Pulsar vs Kafka was a significant lesson to me: The "best" technology isn't always the winner.
I put it in quotes because I'm a massive fan of Pulsar and addressing the shortcomings of Kafka. However, with regards to some choices at a former workplace: The broader existing support/integration ecosystem along with Confluent's commercial capabilities won out with regards to technology choices and I was forced to acquiesce.
A bit like Betamax vs VHS, albeit that one pre-dates me significantly.
and it then becomes a self-perpetuating cycle because the network effect and usage of one product makes it become exponentially more robust & mature than the other. I've heard that Pulsar is buggy basically, and I wouldn't be surprised because it doesn't have thousands of organizations using it in all sorts of ways. It's not its fault too much really
Even StreamNative is effectively abandoning Pulsar and going all-in on the Kafka protocol. I can see the theoretical benefits of Pulsar, but it just doesn’t seem to have the ecosystem momentum to compete with the Kafka juggernaut.
It sure looks like they’re going quite a ways beyond Kafka-on-Pulsar - the Ursa/Oxia work they’re focused on right now replaces BookKeeper and seems very firmly Kafka-oriented. Or does Ursa also work with the Pulsar protocol?
Kafka with a different partitioner would have worked fine. The problem was that the web workers loaded up the same partition. Randomising the chosen partition would have removed, or at least alleviated, the stated problem.
Has anyone used Redpanda? I stumbled upon it when researching streaming, it claims to be Kafka compatible but higher performance and easier to manage. Haven't tried it myself but interested if anyone else has experience.
Plenty of people choose Redpanda because it’s the easiest getting started experience for kafka. There is a single binary for the full broker, where I have never seen Apache Kafka as easy to setup. It’s got a great UI as well.
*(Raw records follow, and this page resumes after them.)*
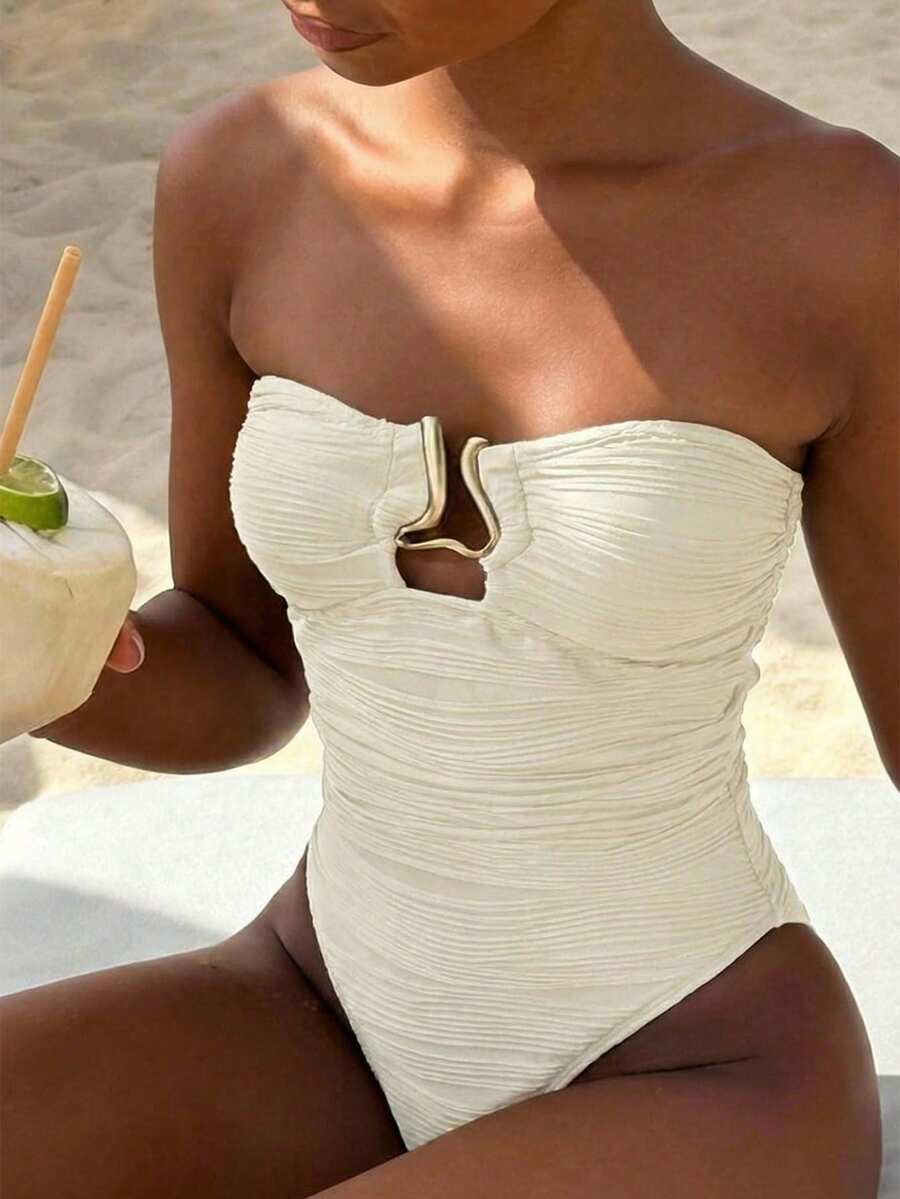 SHEIN Swim Chicsea 女士特殊面料纹理面料度假精致优雅不对称金属配饰波浪条纹连体衣 - 杏色 - 查看 1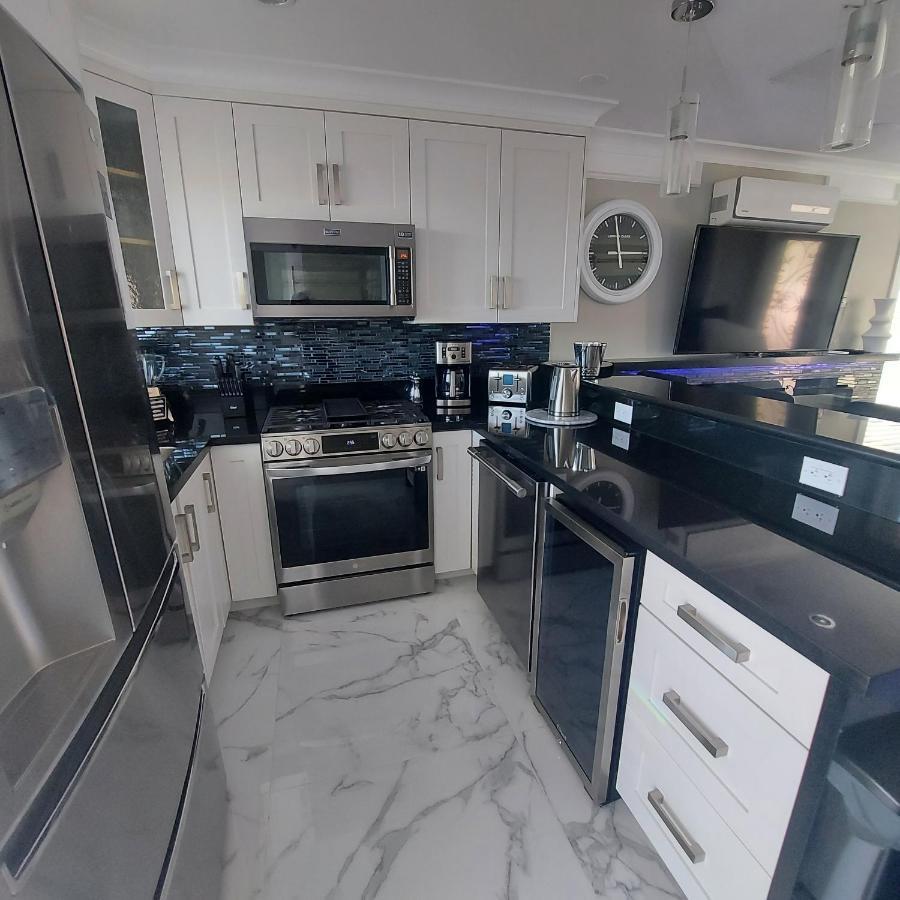Beautiful Bright 3 Bed Townhouse Lägenhet Vancouver Exteriör bild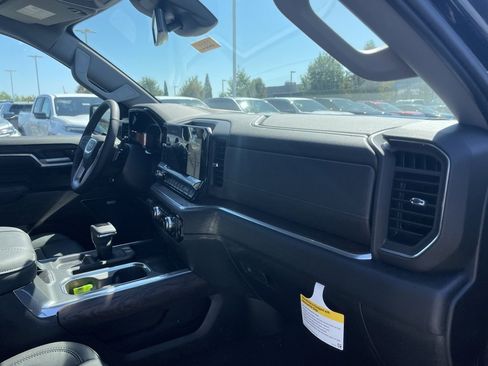 New 2026 GMC Sierra 1500 SLT w/ SLT Premium Package image 33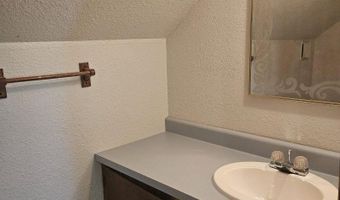 134 E Main St, Agency, IA 52530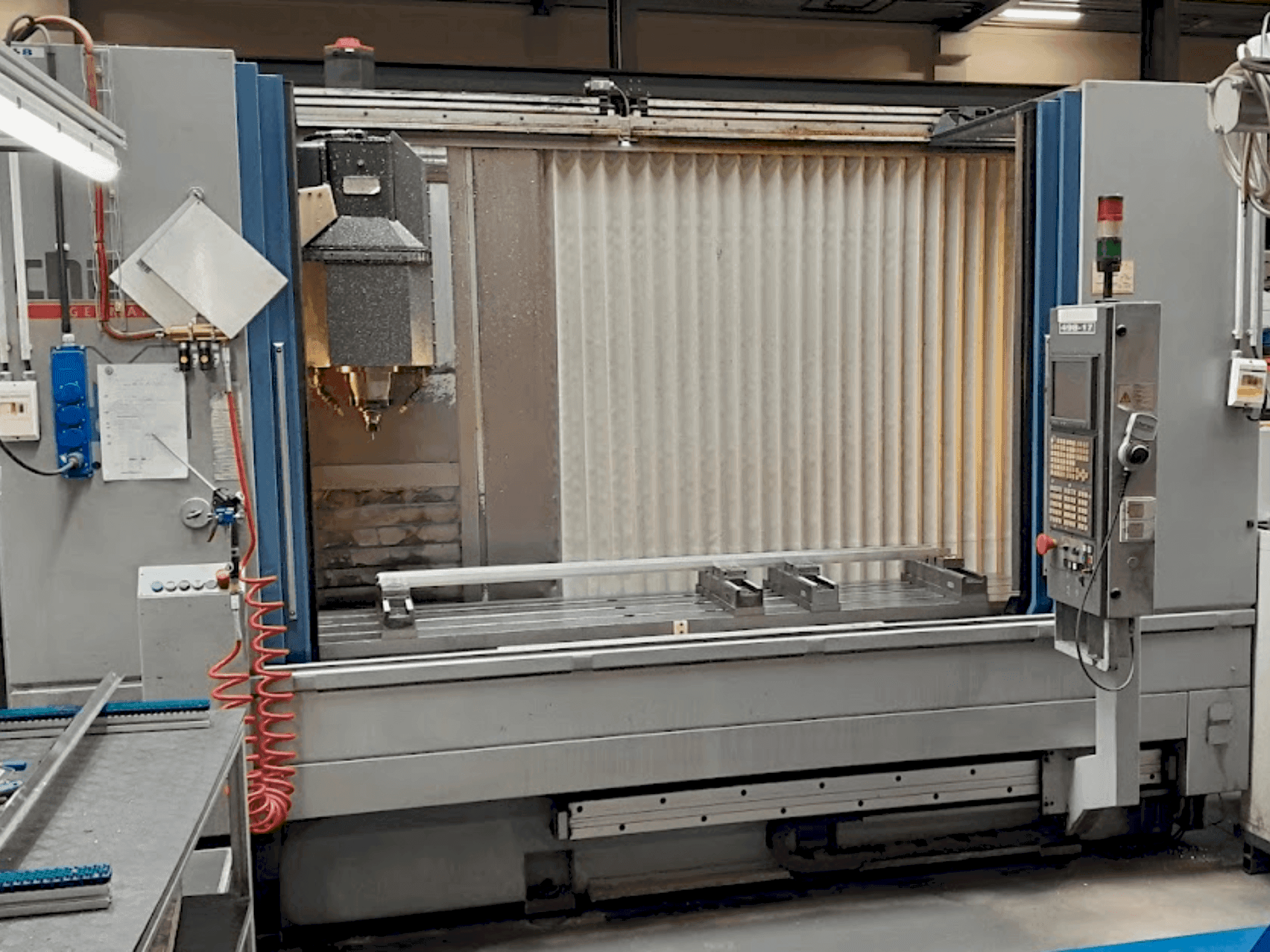 Masina CHIRON MILL 2000 eestvaade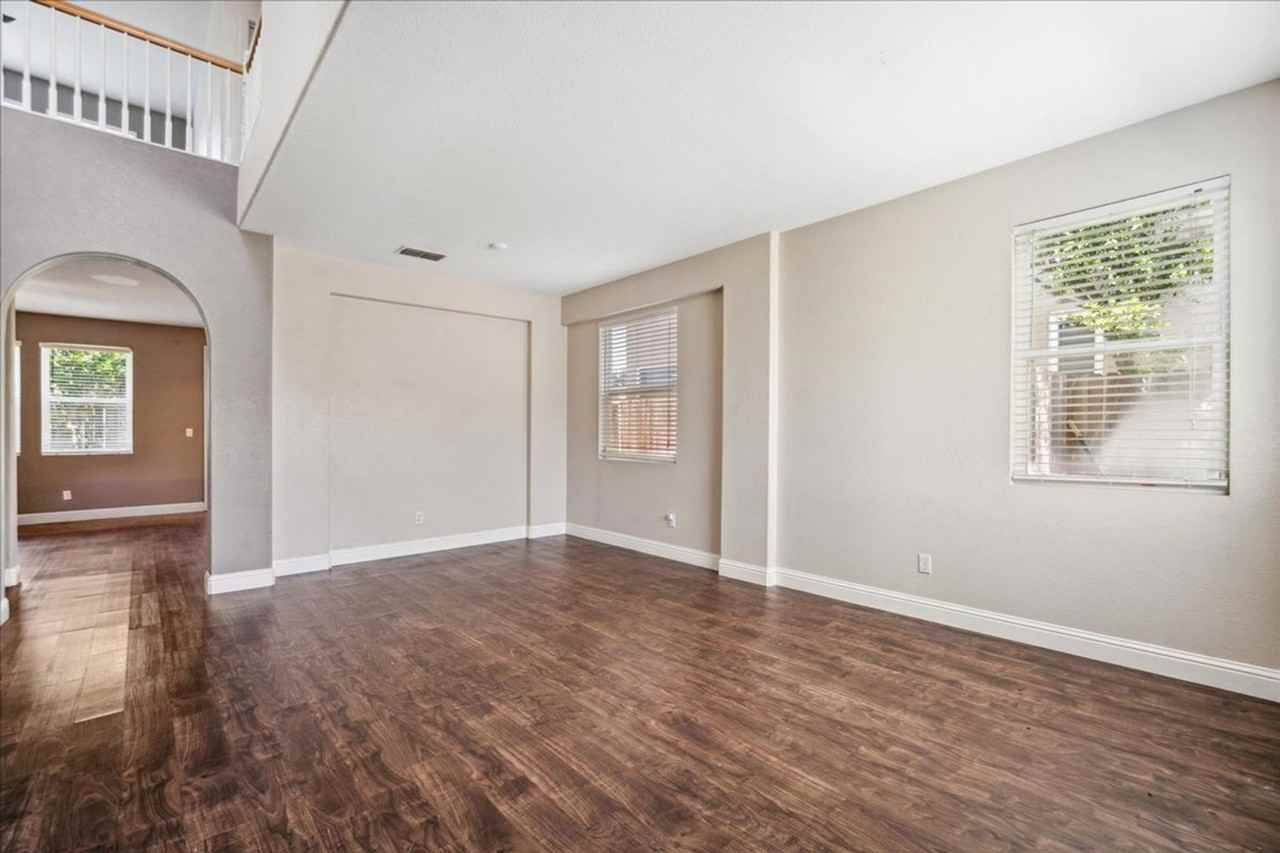 57 Rossignol Cir - Photo 3 of 35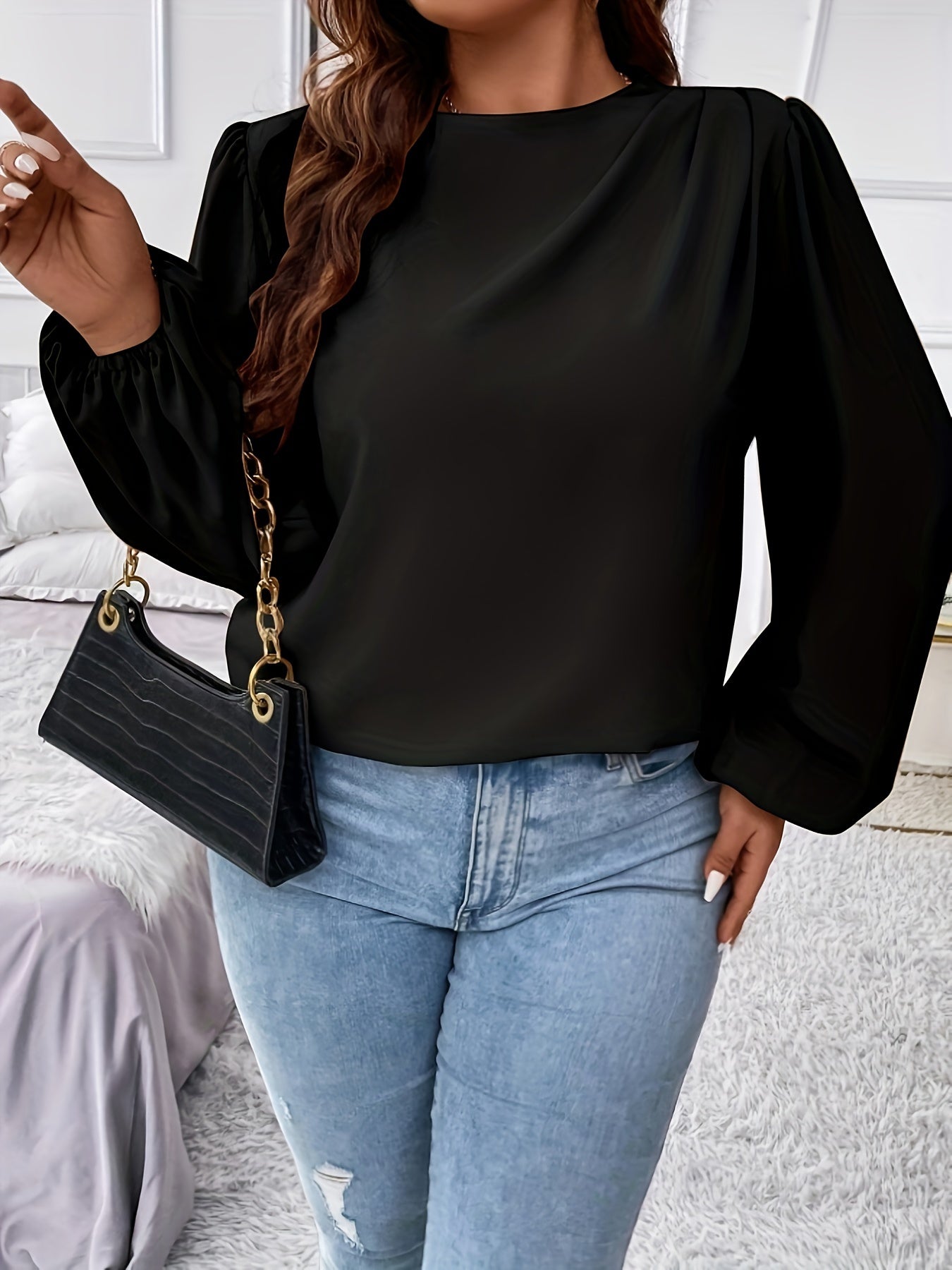  Lantern Sleeve Round Neck Blouse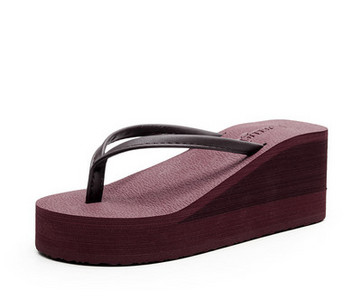 Стилни дамски чехли за през пръстите в четири модела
I'm not sure you understood the article. You can have a very low load but each task on your queue takes a while to process, in which case you want fair distribution of work.
The distribution is fair - everything is round-robin, so in the long run each worker receives the same rate of tasks. It's just "lumpy" - sometimes you can get a big batch sent to one worker, then a big batch sent to another worker - but it will all average out.
Especially for low levels of load, that doesn't require that the dispatcher and consumer are written in the same language.